Collection entries:
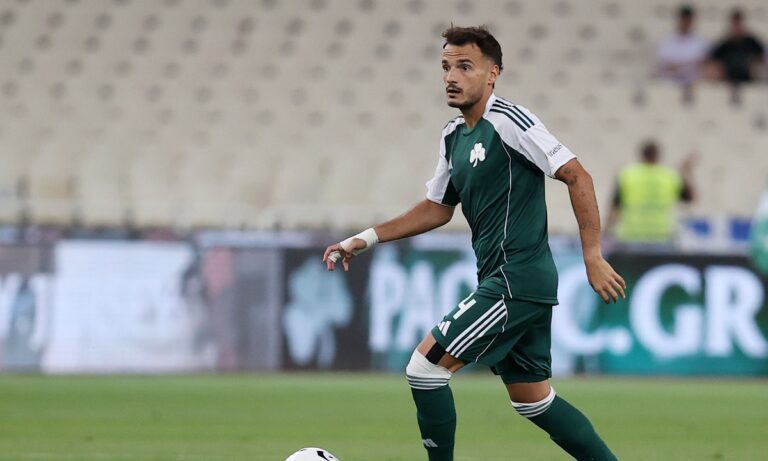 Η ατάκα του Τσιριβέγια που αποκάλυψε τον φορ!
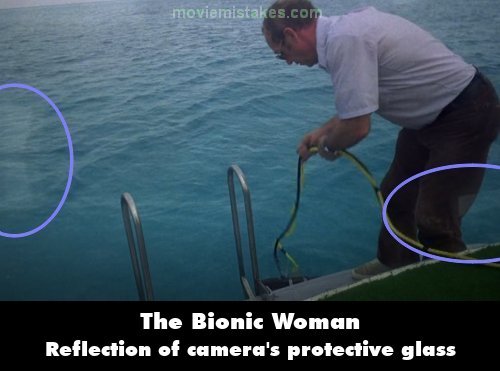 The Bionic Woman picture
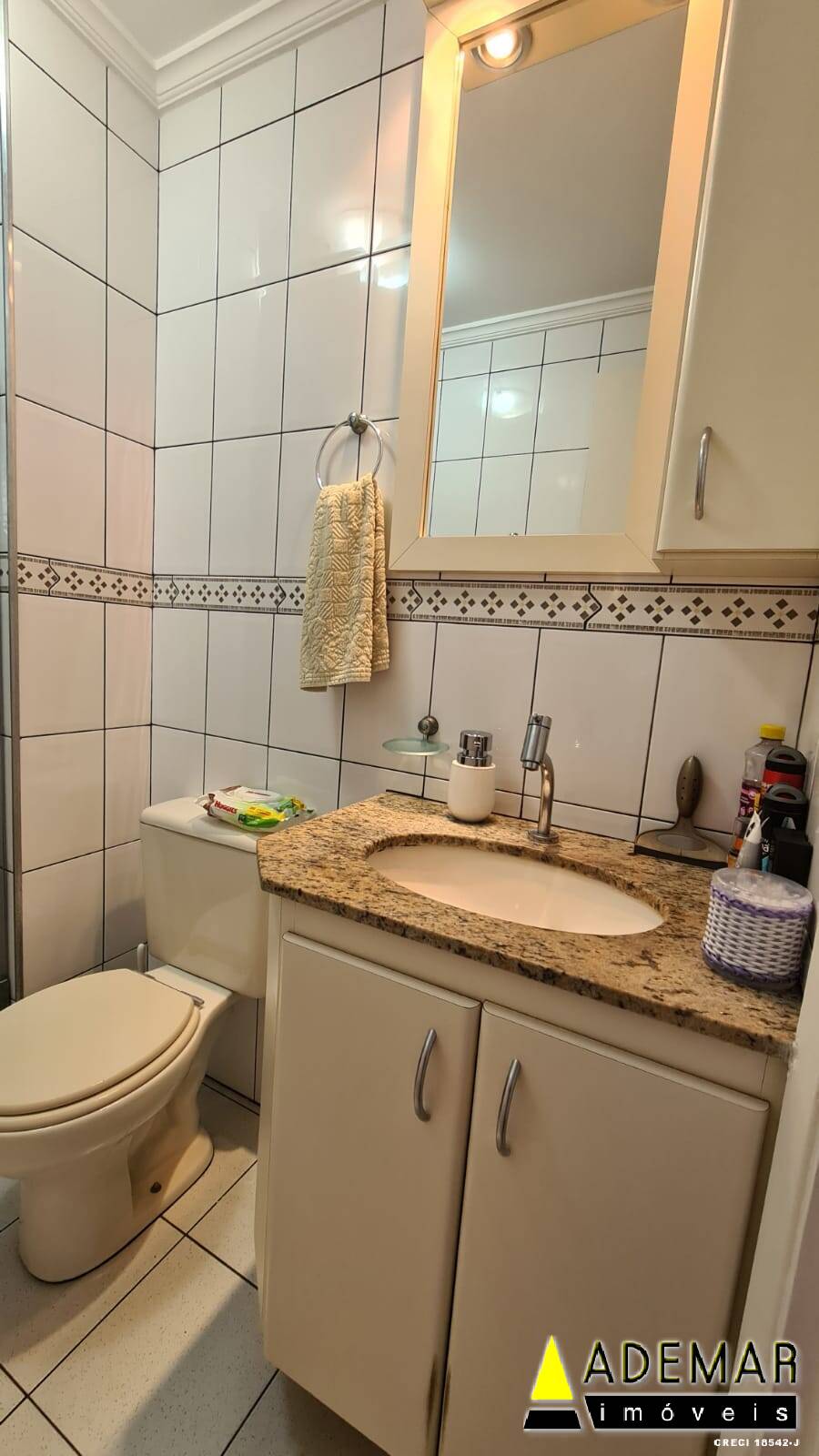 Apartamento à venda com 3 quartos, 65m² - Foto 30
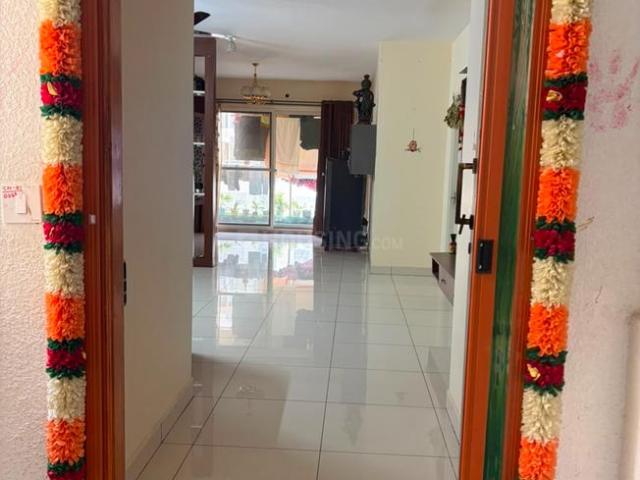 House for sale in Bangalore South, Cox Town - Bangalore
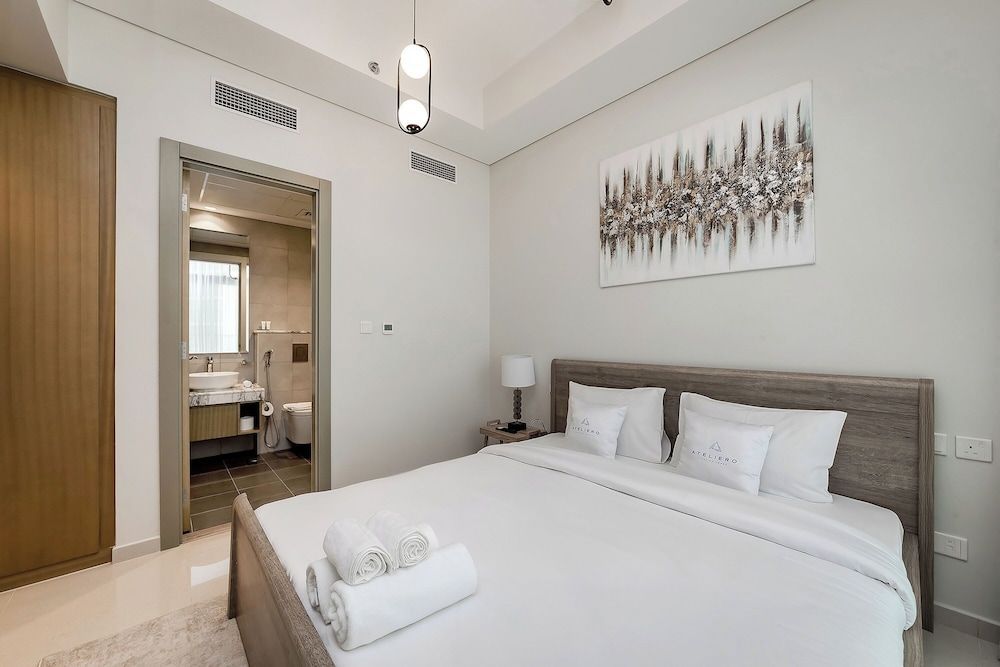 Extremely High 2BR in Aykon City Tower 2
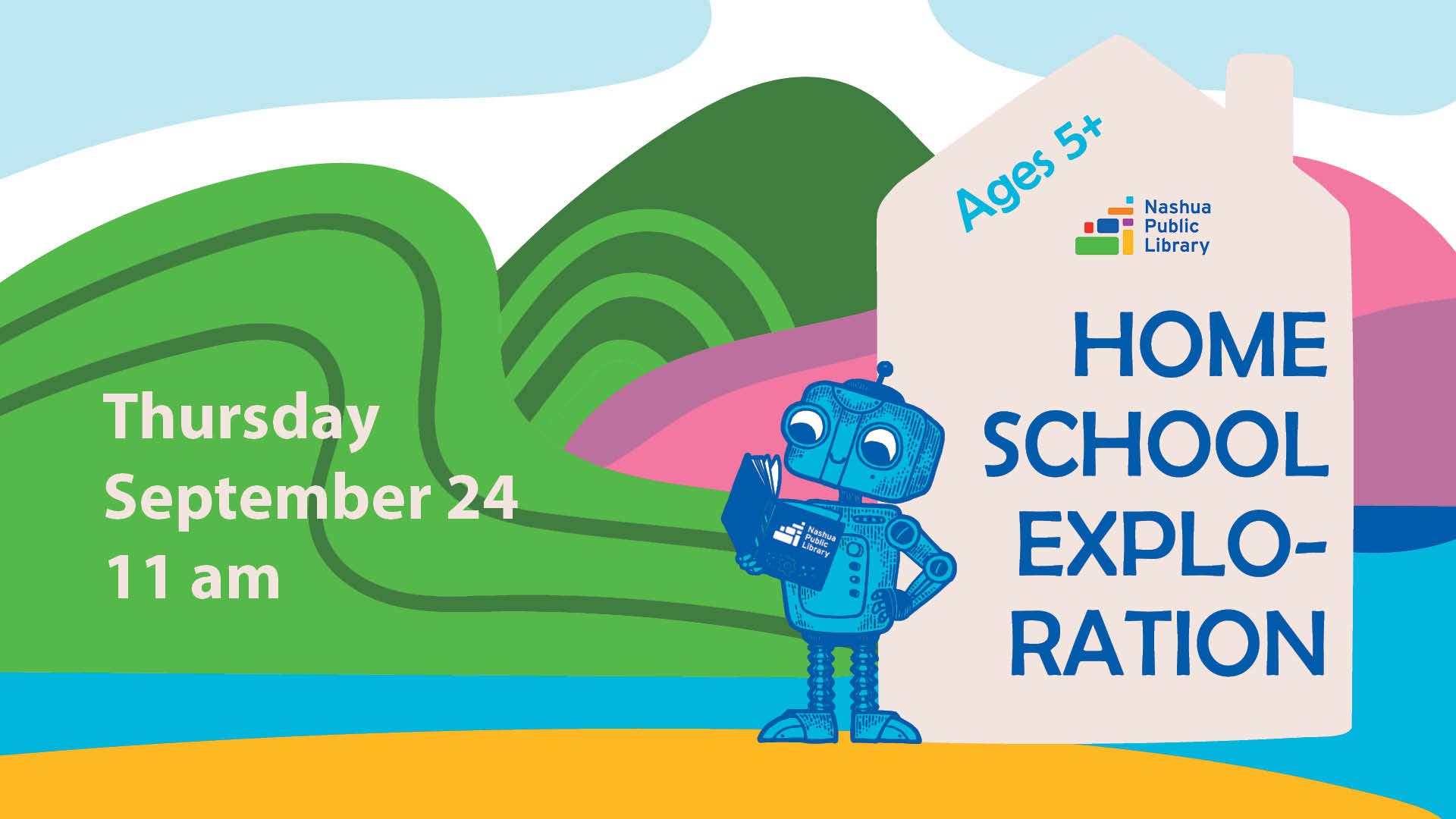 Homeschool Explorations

- [Aim of the task]: Without the pictures, extract every entry verbatim.

- [Problem solution]:
 Η ατάκα του Τσιριβέγια που αποκάλυψε τον φορ!
 The Bionic Woman picture
 Apartamento à venda com 3 quartos, 65m² - Foto 30
 House for sale in Bangalore South, Cox Town - Bangalore
 Extremely High 2BR in Aykon City Tower 2
 Homeschool Explorations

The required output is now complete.